Derivatives designated as a net investment hedge

March 31, 2015 December 31, 2014
(unaudited - millions of Canadian $, unless noted otherwise) Fair value1 Notional or principal amount Fair value1 Notional or principal amount
Asset/(liability)
U.S. dollar cross-currency interest rate swaps
(maturing 2015 to 2019)2 (670 ) US 2,700 (431 ) US 2,900
U.S. dollar foreign exchange forward contracts
(maturing 2015) (91 ) US 3,500 (28) US 1,400
(761 ) US 6,200 (459 ) US 4,300
1 Fair values equal carrying values.
2 Net income in the three months ended March 31, 2015 included net realized gains of $3 million (2014 - gains of $6 million) related to the interest component of cross-currency swaps which is included in interest expense.

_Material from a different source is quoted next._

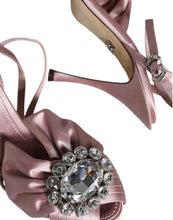 Dolce & Gabbana Pink Keira Crystal Heels Sandals Shoes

Balance sheet presentation of net investment hedges

The balance sheet classification of the fair value of derivatives used to hedge the Company's net investment in foreign operations is as follows:

(unaudited - millions of Canadian $) March 31, 2015 December 31, 2014
Other current assets 63 5
Intangible and other assets 2 1
Accounts payable and other (370 ) (155 )
Other long-term liabilities (456 ) (310 )
(761 ) (459 )

FINANCIAL INSTRUMENTS

Non-derivative financial instruments

Fair value of non-derivative financial instruments

The fair value of the Company's notes receivable is calculated by discounting future payments of interest and principal using forward interest rates. The fair value of long-term debt and junior subordinated notes is estimated using an income approach based on quoted market prices for the same or similar debt instruments from external data service providers. The fair value of available for sale assets has been calculated using quoted market prices where available. Credit risk has been taken into consideration when calculating the fair value of non-derivative instruments.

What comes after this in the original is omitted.